* **Data extract**:
###
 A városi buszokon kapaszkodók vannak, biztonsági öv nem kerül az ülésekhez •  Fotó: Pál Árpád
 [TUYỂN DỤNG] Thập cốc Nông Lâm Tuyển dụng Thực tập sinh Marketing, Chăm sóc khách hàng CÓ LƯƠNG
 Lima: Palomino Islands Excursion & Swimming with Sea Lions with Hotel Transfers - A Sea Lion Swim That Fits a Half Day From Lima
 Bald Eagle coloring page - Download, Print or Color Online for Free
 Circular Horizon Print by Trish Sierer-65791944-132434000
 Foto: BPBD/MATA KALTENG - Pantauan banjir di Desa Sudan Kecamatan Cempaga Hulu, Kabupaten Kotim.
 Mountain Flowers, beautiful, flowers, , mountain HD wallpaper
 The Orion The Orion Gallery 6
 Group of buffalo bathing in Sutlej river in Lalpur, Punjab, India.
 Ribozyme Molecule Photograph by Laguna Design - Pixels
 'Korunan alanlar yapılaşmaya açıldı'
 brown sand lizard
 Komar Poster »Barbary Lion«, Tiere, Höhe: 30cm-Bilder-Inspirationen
###
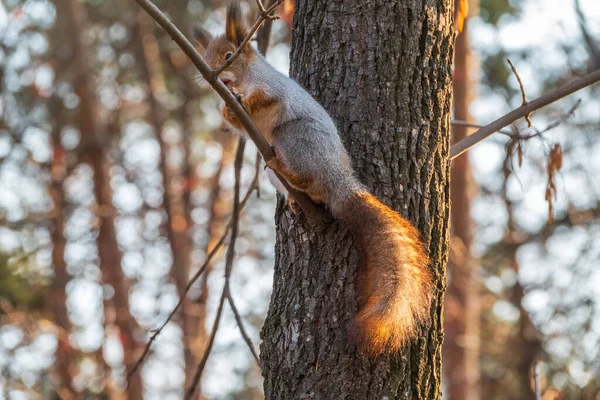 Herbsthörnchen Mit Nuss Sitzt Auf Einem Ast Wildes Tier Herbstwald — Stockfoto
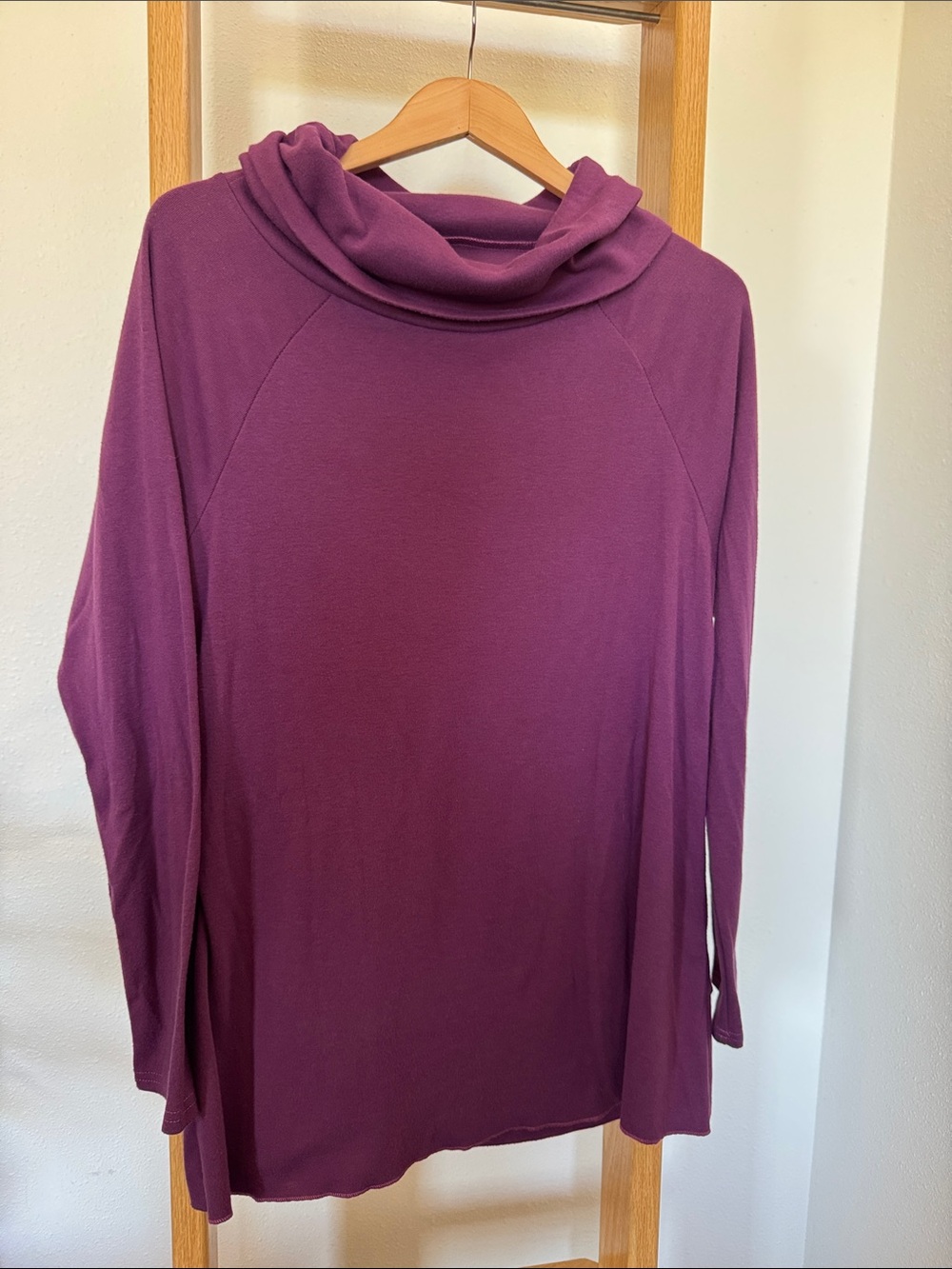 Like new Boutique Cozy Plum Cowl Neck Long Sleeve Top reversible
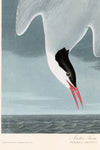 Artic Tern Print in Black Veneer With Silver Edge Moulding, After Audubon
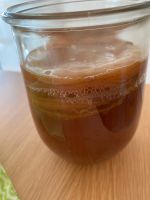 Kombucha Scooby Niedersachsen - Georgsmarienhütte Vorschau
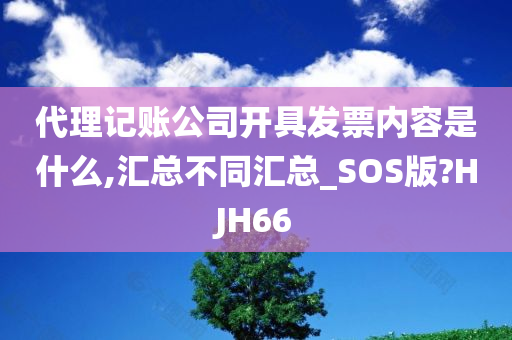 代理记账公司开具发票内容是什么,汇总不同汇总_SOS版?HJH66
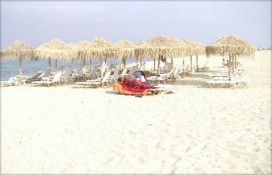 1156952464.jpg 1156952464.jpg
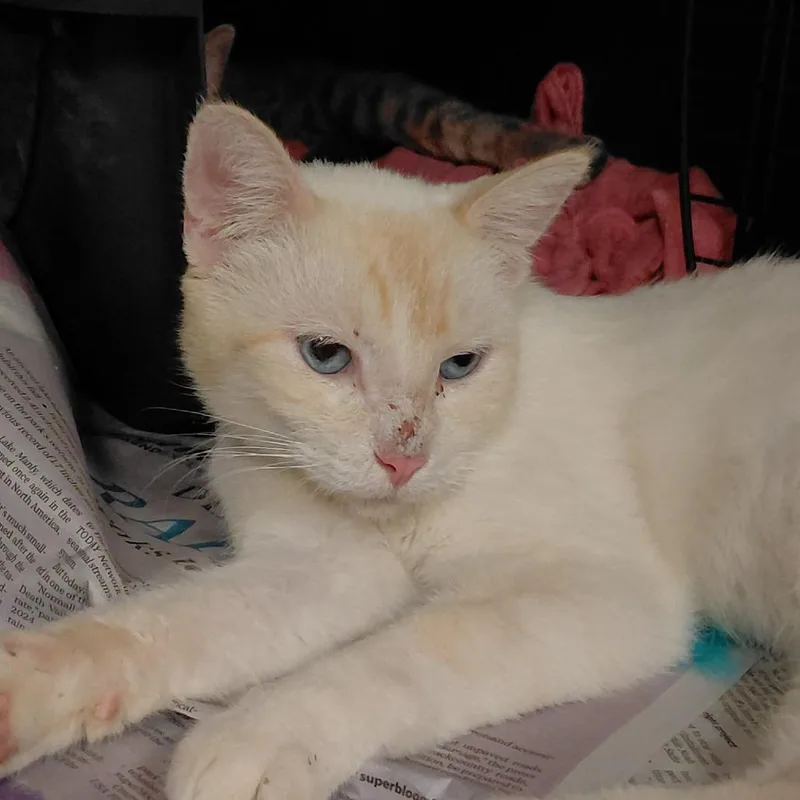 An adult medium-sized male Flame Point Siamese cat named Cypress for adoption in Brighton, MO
###
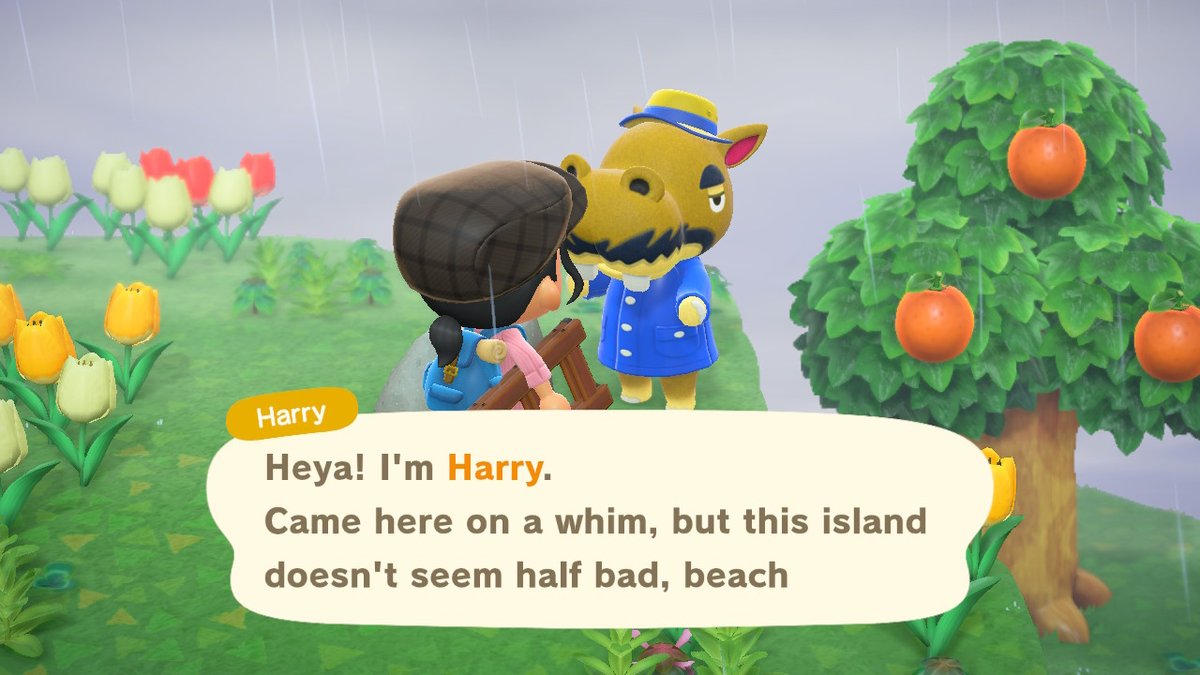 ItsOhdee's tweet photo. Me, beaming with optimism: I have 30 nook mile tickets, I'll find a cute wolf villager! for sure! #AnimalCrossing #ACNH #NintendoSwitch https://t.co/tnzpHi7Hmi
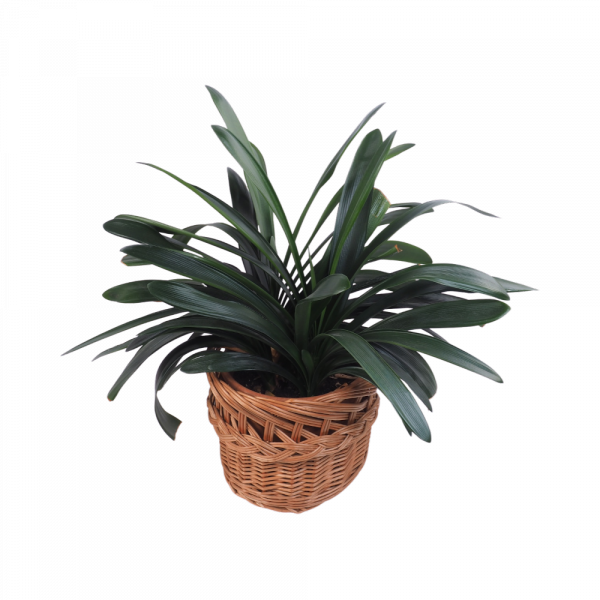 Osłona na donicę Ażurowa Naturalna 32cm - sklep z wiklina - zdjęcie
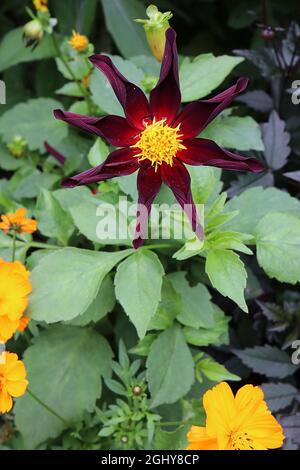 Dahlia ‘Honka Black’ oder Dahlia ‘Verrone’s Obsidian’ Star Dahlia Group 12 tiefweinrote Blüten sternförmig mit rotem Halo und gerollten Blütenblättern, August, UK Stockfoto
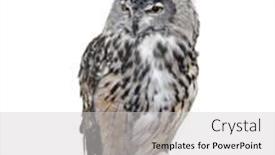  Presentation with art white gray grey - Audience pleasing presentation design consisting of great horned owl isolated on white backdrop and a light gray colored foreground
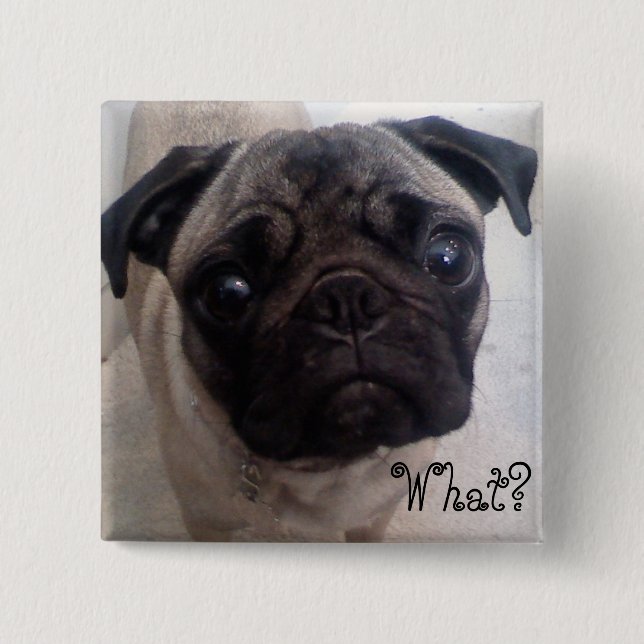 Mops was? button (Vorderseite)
###
* **Goal of the exercise**: Using the listing above, repeat word for word each line from the one with "Herbsthörnchen Mit Nuss" down to the one with "An adult medium-sized", both included. Omit all pictures.

* **Exercise result**:
 Herbsthörnchen Mit Nuss Sitzt Auf Einem Ast Wildes Tier Herbstwald — Stockfoto
 Like new Boutique Cozy Plum Cowl Neck Long Sleeve Top reversible
 Artic Tern Print in Black Veneer With Silver Edge Moulding, After Audubon
 Kombucha Scooby Niedersachsen - Georgsmarienhütte Vorschau
 代理记账公司开具发票内容是什么,汇总不同汇总_SOS版?HJH66
 1156952464.jpg 1156952464.jpg
 An adult medium-sized male Flame Point Siamese cat named Cypress for adoption in Brighton, MO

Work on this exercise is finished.